I sulked a little about Mark taking off only a day after he’d arrived home for the Christmas holidays, but it didn’t last very long. I was too excited about setting up the easel. I took it up to the farm that year (despite everyone’s protests of there not being enough space in the Land Rover). In the end Tim tied it to the roof rack along with the timber for the canvas frames.
There was a giant cedar tree near the north fields where the Arabica bushes grew that I was dying to paint. Its great branches arched up and out into the air, each one with a life of its own it seemed. I’d seen it there year after year but had never worked up enough courage to ask my mother to let me go up to the fields and spend the day painting it. And anyway, I couldn’t have; I didn’t have an easel to stand my canvas on.
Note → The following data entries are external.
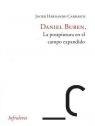 DANIEL BURÉN. LA POSTPINTURA EN EL CAMPO EXPANDIDO | 9788493536961 | HERNANDO CARRASCO, JAVIER
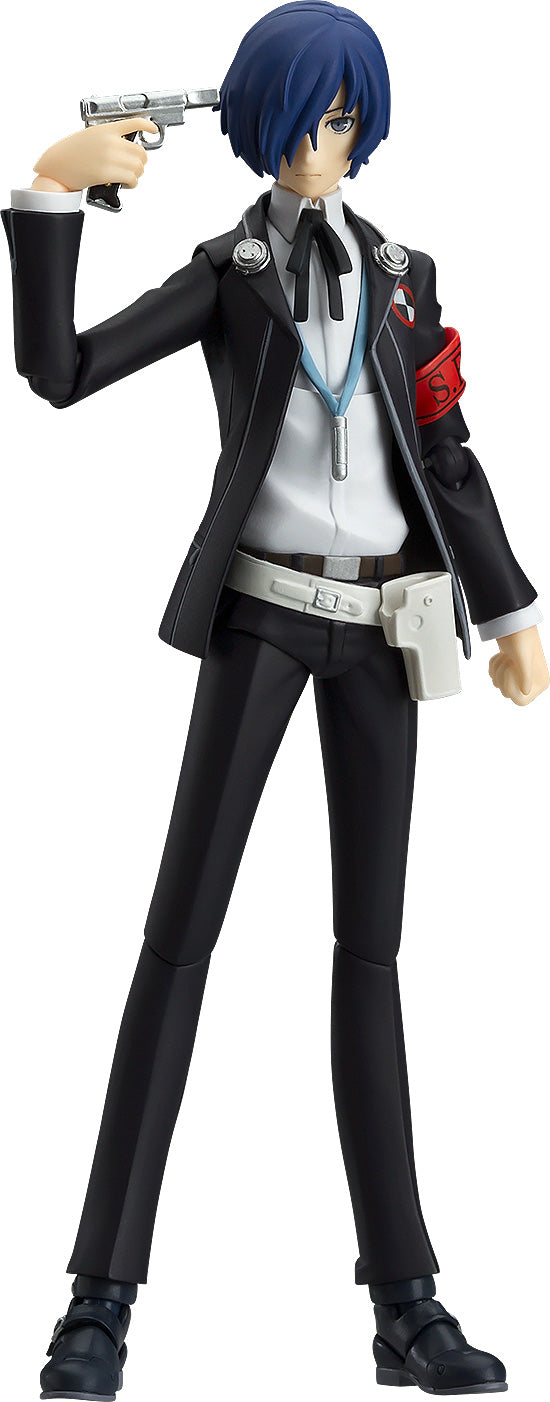 322 Persona 3 The Movie figma Makoto Yuki (2nd re-run)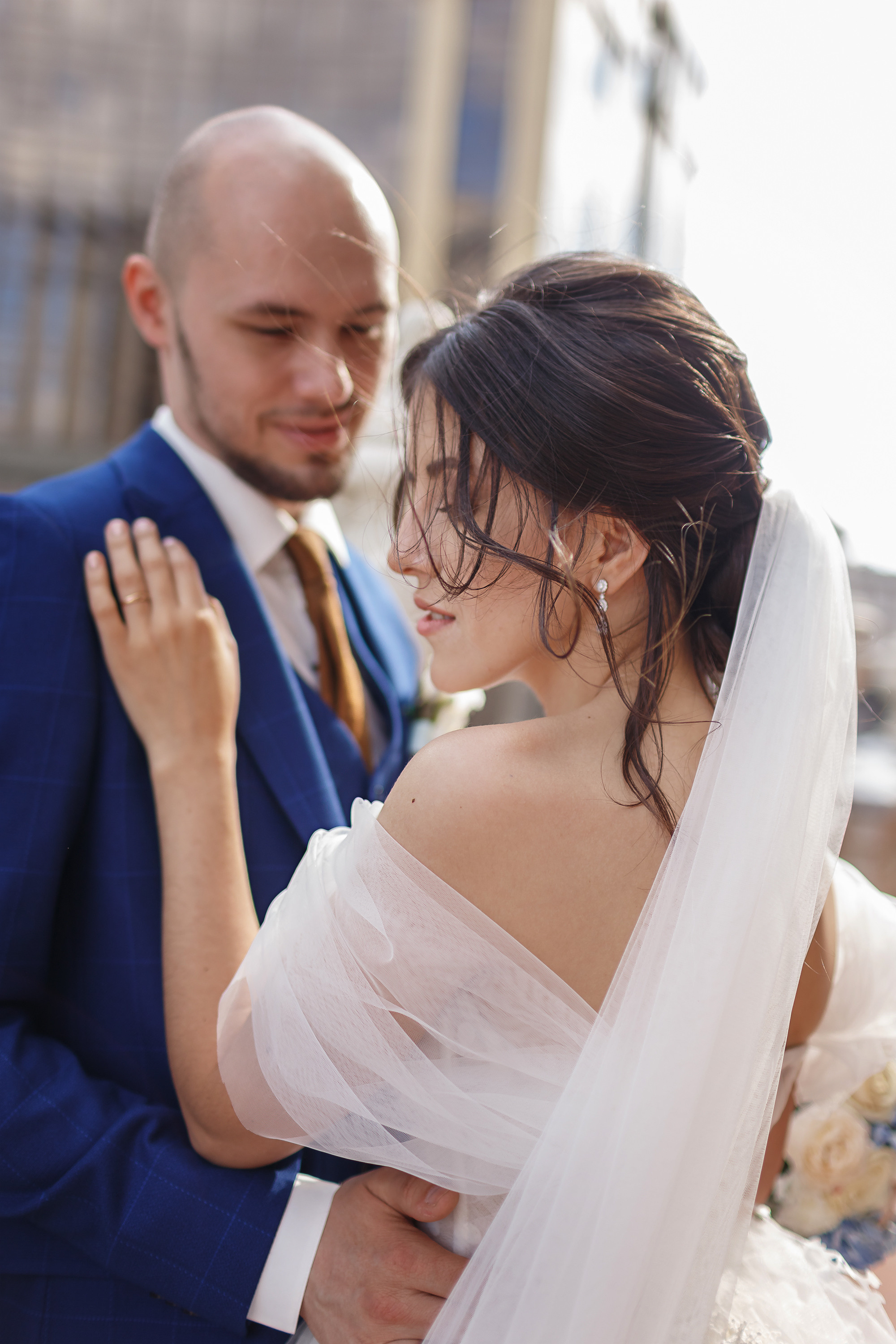 Свадьба Лилит и Костя. Свадебный и семейный фотограф в Казани Роза Трифонова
But this year was different. I had an excuse. On our first night there, after our welcome dinner at the long table and after we’d gathered in the living-room around the fireplace for brandy and hot cocoa, just before I turned my light off for the night, I went back downstairs to find Mark’s grandma. I wanted to catch her on her own for a moment, to ask whether, in the morning, she would drive me to the Cedar. I waited until the last minute to bring up the question, afraid she might say no, I couldn’t spend the morning alone in the fields; the tree was at least a ten-minute drive uphill from the house and it wasn’t safe to be there on my own or something stupid like that.
You can just drop me off, I said, speaking quickly, in case she disagreed. I’ll be fine. The pickers will be working there the whole day anyway.
Until then I’d forgotten the coffee pickers. In my head, I had seen only the tree, but now more ideas came flooding in. I could add in the pickers as points of colour.
Do you know, Mark’s grandma broke into my thoughts, The cedar tree used to once upon a time be part of a whole cedar forest? Before we excavated the trees to make place for the coffee bushes. She shook her head and sighed. I still think it was a sin; one of many. The Juniperus Procera. You can still find their forests in the river valleys on the other side of the mountain. But who knows for how long more.
I didn’t know that.
It’s a brilliant idea, she declared. If you get up early enough, I’ll be leaving for the lodge at 6:30.
So I set the alarm on my wrist watch.
Mark’s grandma was the only one awake at that hour. We had marmalade over toast and a mug of fresh coffee together. It had rained through the night. The air was cool.
Take one of the walkie-talkies, and radio me when you’re done, she said. And take River with you, she’ll love being out there for the morning. In the end Sandy insisted on coming along too, so both the German Shepherds hopped into the back seat.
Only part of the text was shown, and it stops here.